XXV.
Des anderendaags.
Zou Herman mij kennen, Johan, indien hij mij zag?
- En mij, Mietje?
- Ge ziet er uit als een mof.
- En gij als een mofken.
- Hij zou verschieten van uwen koperen horen.
- En van uwe witte bezemkens.
- Ik zie er aardig uit met dat rokje, he?
- En ik met die gilet, waar nog wel twee man bij kunnen. Ik vond het toch noodig zoo vastenavond te spelen!
- Noodig? noodig? - zuchtte Mietje, - en als Herman mij hier eens zag, en, gelijk in Gent, eens zegde: ‘Neen, Mietje, neen, ik kan u niet medenemen!’ Zie.... zie.... wat zou ik doen?
- Wel terugkeeren.
- Ja, terugkeeren, uit gramschap terugkeeren, en hem vervloeken en hem haten en met een ander trouwen! Maar zou ik mij dat niet eeuwig beklagen?

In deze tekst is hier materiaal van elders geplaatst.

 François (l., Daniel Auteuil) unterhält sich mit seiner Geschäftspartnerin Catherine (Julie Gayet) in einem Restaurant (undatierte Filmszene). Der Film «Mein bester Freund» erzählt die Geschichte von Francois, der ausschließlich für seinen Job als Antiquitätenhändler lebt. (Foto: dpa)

Johan trok de schouders op.
- 't Is beter hem zoo te ontsnappen en als wij in zee zijn, zal ik hem bij den arm pakken en zeggen: ‘Werp me nu maar in zee, als ge me niet gaarne genoeg ziet, om mij mede te nemen! - Ik zal u leeren een meisje van kindsbeen het hoofd zot maken, heur hart stelen en dan naar een ander land trekken.... Ik zal u leeren! ik zal u leeren!
En alzoo preutelde Mietje, terwijl zij met haren broeder rond de Antwerpsche dokken wandelde.
Maar, zouden de vooruitzichten van Mietje zich wel verwezenlijken? Er vertrekken zoovele schepen met landverhuizers; op welk is Herman? Op welk is plaats?
Die laatste vraag was de moeielijkste; want gewoonlijk, vooraleer de reeder aanneemt een schip met landverhuizers te bevrachten, is hij reeds van het noodige getal reizigers verzekerd; daar hij, wanneer al de plaatsen des vaartuigs op den gestelden vertrekdag niet bezet zijn, toch degene die open blijven betalen moet.
In weerwildier gewoonte ontbraken er twee landverhuizers. Eene dezer was in het gasthuis te Antwerpen gestorven, de andere, dit als een slecht voorteeken aanziende, ging terug naar zijn vaderland.
Ofschoon Mietje niet wist, of haar minnaar op de Stad Antwerpen was, moest ze die plaats aanvaarden; want op geen ander schip nam men landverhuizers aan.